Ma gli orari dei tecnici e dei professionali devono essere ridotti o no?/1

Tra polemiche, annunci trionfalistici, richieste di dimissioni del ministro, comunicati stampa e controcomunicati, diventa difficile capire quale sia esattamente la ragione del contendere sulle pronunce della magistratura amministrativa a proposito della riduzione degli orari di lezione nelle classi intermedie degli istituti tecnici e professionali. Cerchiamo, quindi, di fare il punto.

Nel maggio 2009 il Consiglio dei ministri approva in prima lettura gli schemi di regolamento dei nuovi istituti tecnici e professionali (è prevista già la riduzione oraria delle classi intermedie); due mesi dopo il Consiglio nazionale della Pubblica istruzione esprime il prescritto parere.

Al termine della procedura consultiva, il Consiglio di Stato esprime parere favorevole (21 dicembre 2009) sui due regolamenti (comprese le riduzioni orarie) e, al termine della fase autorizzativa, i due regolamenti sono pubblicati in Gazzetta ufficiale all’inizio dell’estate scorsa (dpr 87 e dpr 88/2010).

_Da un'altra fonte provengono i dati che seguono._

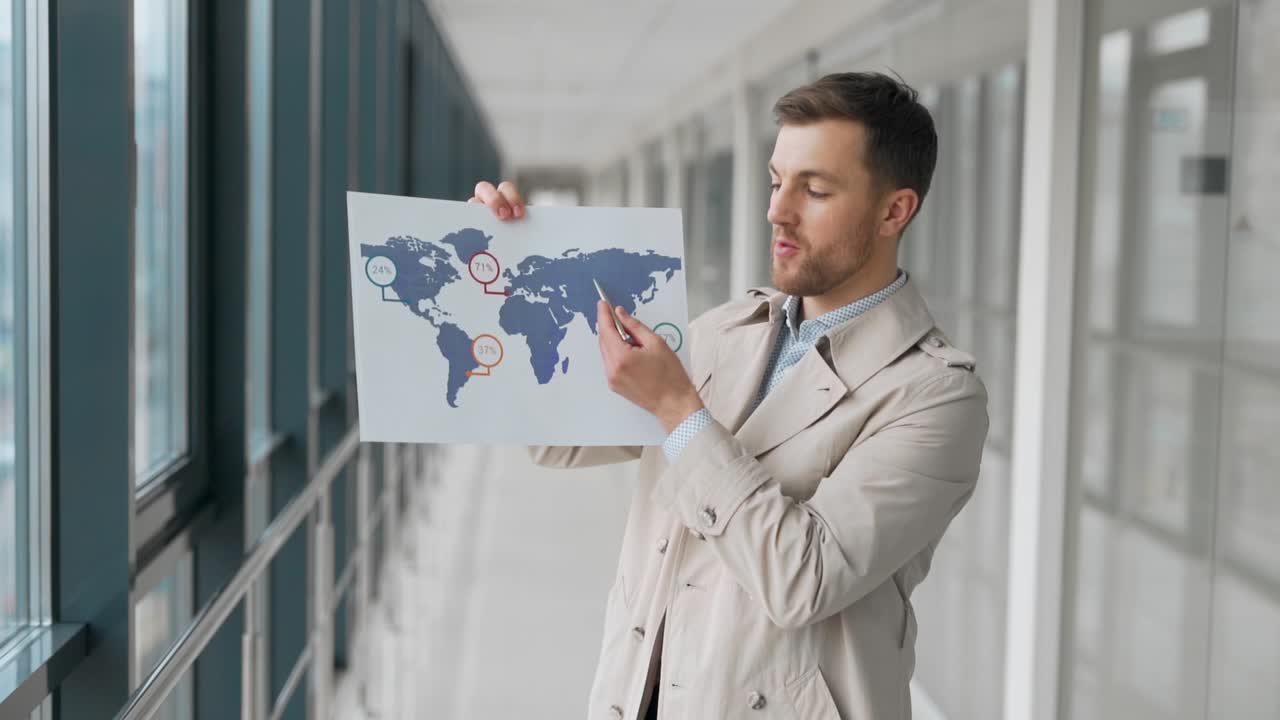 el joven gerente muestra una diapositiva con infografías en video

A quel punto la riduzione oraria delle lezioni è pienamente legittima e deve solo essere applicata.

Ferma restando tale riduzione oraria a 32 ore settimanali, restano da definire le discipline di studio che dovranno essere ridotte nell’orario, con esclusione di quelle che hanno meno di tre ore settimanali. È questo l’oggetto del ricorso dello Snals e della sospensiva del Tar.

Il Miur, infatti, emana il 1° giugno 2010 due decreti interministeriali nei quali identifica le classi di concorso che dovranno perdere ore, in modo da abbassare l’orario finale a 32 ore settimanali complessive. Nell’occasione, però, omette di acquisire il parere obbligatorio del CNPI.